You need to make some transformations with usage of Spark Dataframes which is easy to test and maintain? I hope that this article will provide you many useful ideas on how approach this problem.

This should be enough for an introduction - content start!

An abstract understanding of the problem

Let's try to understand problem conceptually before we will dive into details. On the picture below you can see an example transformation flow when working with dataframes. In Spark Dataframes are immutable which can save us from many strange problems. Moreover we can design our flow with usage of (properly granulated) small methods which simplifies testing a lot.

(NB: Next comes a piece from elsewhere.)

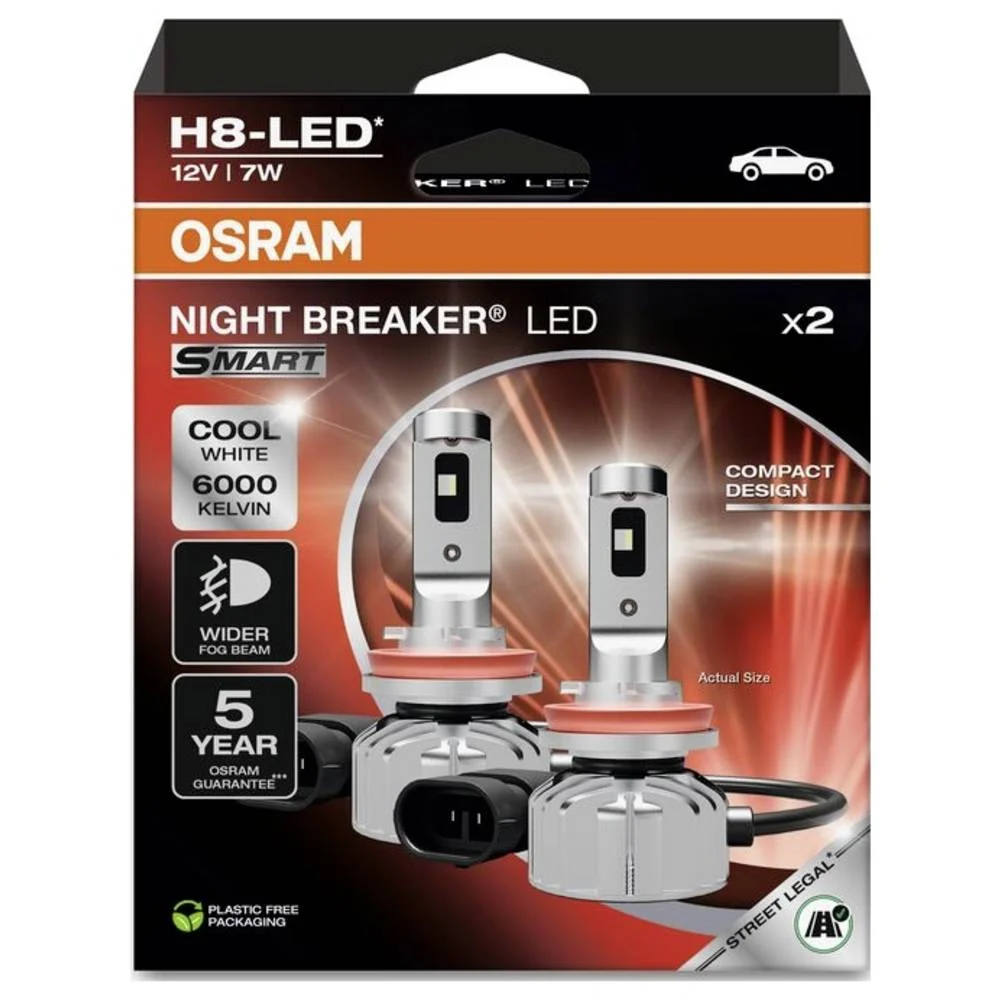 LED Pære H8 Osram Night Breaker LED Smart  6000K │ ECE R112 Godkjent - CANbus Plug&Play EasyFit  800 lm  - sett 2 stk. – bilde 2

But what if what we just saw is only a piece of a bigger system? Technically we have created a procedure which produces a result from 5 input parameters. There is a great risk that with this design we are going to come across the same problems as with standard procedural programming

  • A set of tightly coupled methods which are difficult to use outside given procedure.
  • Some bags for methods like "Utils classes" with set of operations representing common logic which maybe reused "here and there" but most likely can not be easily composed together to produce a new behavior.

According to my current knowledge design based on Functional Programming gives us a lot more chances to compose two pieces of a program and produce a new logic in elegant way. Also it is easier to test each piece of such design in separation in comparison to procedural approach. So let's move into FP world and see what is waiting for us there...

What we want to achieve - a view from top

On this mysterious drawing we can see something which (let's hope) can be called "Functional Data Processing Pipeline". And those wonderful rectangles symbolizes various compositions of single functions, currying and whatever your brain is able to see there.

Till now we were moving on the level of very very abstract description. To gain better understanding let's dive now into code and see how build it from the bottom.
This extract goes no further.